16 August 2018
On Friday 3 August, 12-year-old football fanatic Damary had the opportunity to visit Crystal Palace FC’s training ground, where he received the support of players and manager Roy Hodgson, who urged supporters to lend their help.
Palace players standing in solidarity with Damary
Best chance of survival
Damary was diagnosed with acute lymphoblastic leukaemia when he was nine, and now doctors have confirmed that his best chance of survival is to find a matching blood stem cell donor. Unfortunately there isn’t a matching donor within Damary’s family and he is now relying on a complete stranger to become his potential lifesaver. However, Damary’s African-Caribbean heritage means the search is even harder because of the lack of black, Asian and minority ethnic people on the register.
Damary in Great Ormond Street Hospital
Finding a lifesaver
Damary and other patients with a minority ethnic background have just a 20% chance of finding the best possible stem cell donor match, compared to 69% for people with northern European backgrounds. Crystal Palace stars have called on as many people as possible to register for Damary and many others like him.
Hodgson said: “It was a pleasure to meet Damary and his family and welcome them to the training ground. Damary is a big football fan and a promising young player and we were all impressed by his bravery and composure at what must be a very difficult time. It would be fantastic if we could help to find a match for Damary that could save his life and I would urge Palace fans to register with DKMS.”
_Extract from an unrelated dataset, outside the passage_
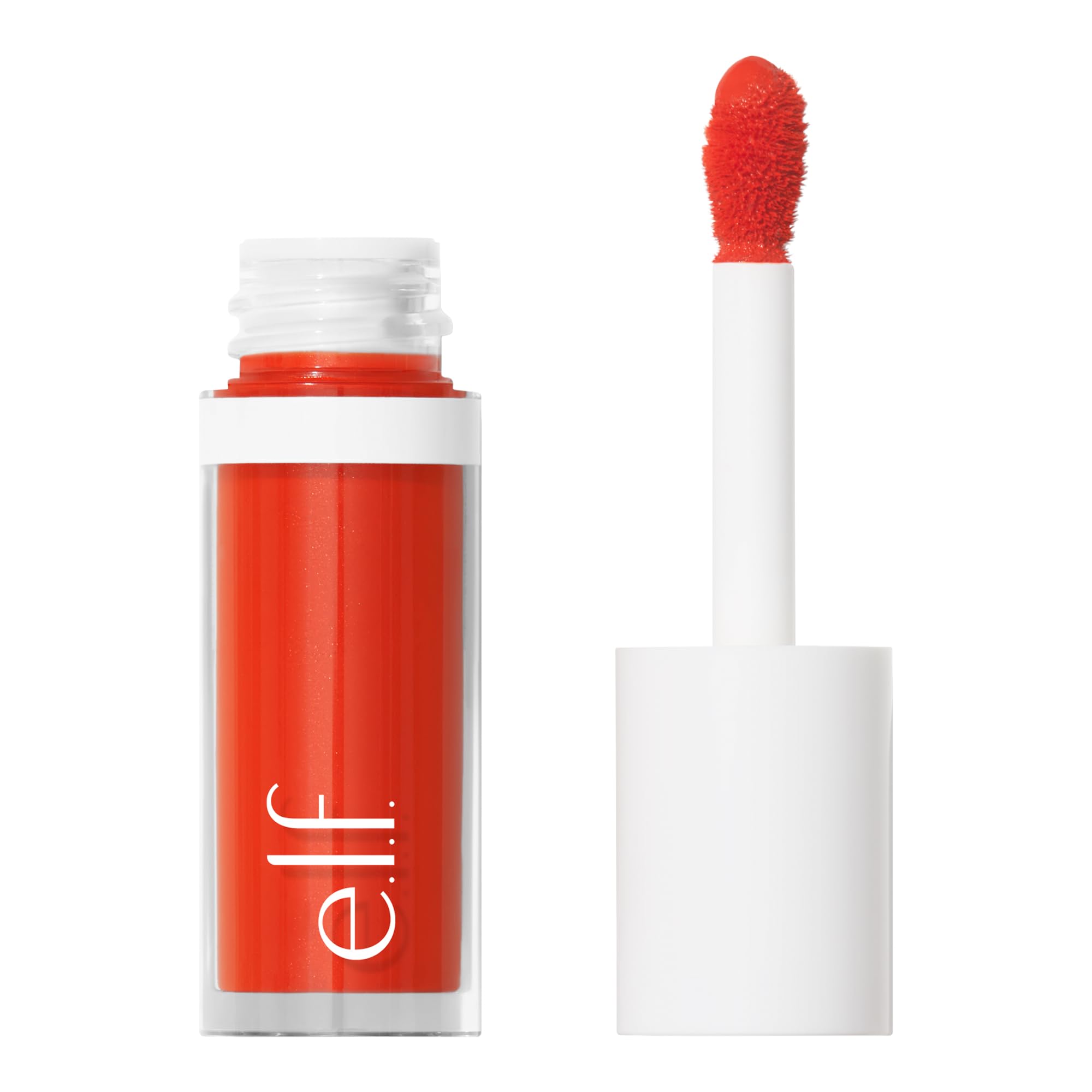 e.l.f. Camo Liquid Blush - High-Pigment, Long-Lasting Dewy Finish, Gorg Orange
Raheem Sterling lends support
Raheem Sterling has also been instrumental in raising awareness of Damary’s plight. Last month, the Manchester City and England ace took to social media to raise awareness of the young footballer’s urgent need to find a matching blood stem cell donor.
Raheem backs Damary on social media
Damary’s search has gained media interest with the family appearing on ITV National News and Channel Five’s 5 News alongside Lisa Nugent, Head of Donor Recruitment at DKMS and in national and regional print.